Methods: In the [11C]flumazenil experiment, 15 adults with ASD were compared to a control group of 8 healthy volunteers matched for age, sex, and IQ. Regional binding potential (BPND) to the GABA(A) receptor was examined. Quantitative analysis of PET images used a simplified reference tissue model with the pons as reference region, as standard for this tracer (Klumpers et al. 2008).
In the [11C]Ro154513 experiment, 10 adults with ASD were compared to 7 healthy controls matched for age, sex, and IQ. [11C]Ro154513 VT was calculated on the basis of an arterial input function and GABA(A) alpha1 and alpha5 receptor binding was estimated using a spectral decomposition of the activity time course (Myers et al. 2012).

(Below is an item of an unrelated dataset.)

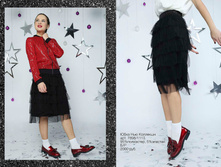 ����� ��� 2018 page 13.jpg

Across both studies, inclusion criteria included: age 18-50; medically fit; free of psychotropic medication at the time of the study; IQ > 70; no history of epilepsy or other neurological illness. All ASD volunteers were diagnosed by using DSM-V criteria and verified by ADOS and, where possible, ADI. None of the volunteers in the [11C]flumazenil experiment took part in the [11C]Ro154513 experiment.
Results: In the [11C]flumazenil experiment, we found no evidence of differences in binding potential in any brain region (all p>0.22). Similarly using [11C]Ro154513, we found no significant differences in whole-brain estimates of either GABA(A) alpha1 (p=0.44) or alpha5 (p=0.49) subtype receptors in adults with ASD, nor were there significant regional differences in any brain area.
Conclusions: This is the largest PET study of GABA(A) in ASD to date. Nonetheless our initial results are inconsistent with the hypothesis that GABA(A) receptor abnormalities are present across the ASD spectrum in adults with normal intellectual ability. However, reductions in GABA(A) receptors may exist in children (Mori et al. 2011), or in other ASD subgroups. We also cannot rule out differences in GABA(A) receptor function.